Increasingly, funds aim to “fail quickly”, Noma said. If machine-learning techniques find nothing in the data, the fund can move on to analysing new datasets.

Noma was speaking at Risk.net’s Quant Summit in New York on July 11.

Four-fifths of investors are looking to buy alternative data, research firm Greenwich Associates says in a recent report. However, quants at JP Morgan have warned of the “blind alleys” awaiting managers if they waste time on datasets that do not contain alpha – either because they generate signals that have too little investment capacity or decay quickly, or because the data is simply too expensive.

As many as eight out of nine efforts to build strategies based on alternative data fail, Wesley Chan, director of stock selection research at Acadian Asset Management, told Risk.net in April

Machine learning has long been used by firms such as Facebook to speed up the process of analysing and categorising images. For example, if an object has a nose, eyes and a mouth, an algorithm can be trained to recognise it as a face.

The same technology – known as feature extraction – might be applied to satellite images to identify features that can be used in quant investment strategies such as numbers of vehicles in shopping mall car parks or customers entering retail outlets.

When there is no previous model, or the quality of the data is suspect and other people are looking at the data and competing, machine learning is a major advantage in terms of speed
Elliot Noma, Garrett Asset Management

Garrett Asset Management is in the early stages of exploring the applications of machine learning to unstructured data, but estimates it could cut the feature extraction process from years and months to days or even hours.

“Alternative data has certain characteristics, but when there is no previous model, or the quality of the data is suspect and other people are looking at the data and competing, machine learning is a major advantage in terms of speed,” Noma said.
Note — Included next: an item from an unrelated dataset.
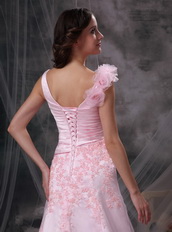 Baby Pink Princess V-neck Prom Dress With Applique Emberllish Inexpensive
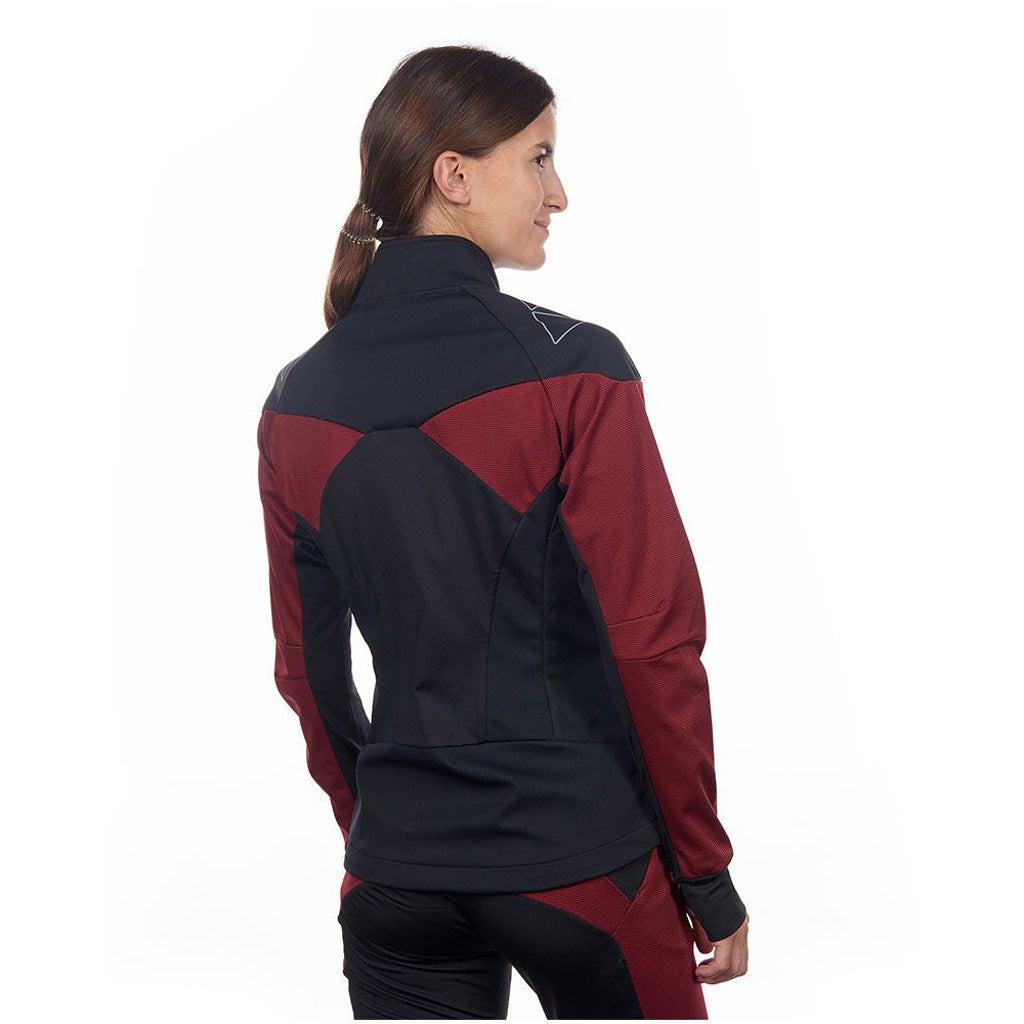 En Fleece, ASARNA SOFTSHELL JACKET i farven sort-Burgundy set bagfra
Elsewhere at the summit, Dilip Madan, ‎a professor of mathematical finance at Robert H Smith School of Business at the University of Maryland, said automating data-intensive activities is one of the better applications of machine learning.

That contrasts with the struggle to apply machine learning in predictive models. “Even if a model is successful and learns something, five minutes later, the market changes and you have to learn again,” he said.

Others questioned the value of alternative data for quant funds as well as the potential of machine learning as a processing tool. “I am doubtful machines can be taught to replicate the creativeness of human analysis,” said an equity market neutral portfolio manager at a New York-based quantitative hedge fund.

Satellite imagery could be useful for macro traders, he said, but is “a waste of time” for equities traders and funds with large portfolios. Satellite images tend to focus on a small number of datapoints, so cannot be modelled robustly, he said.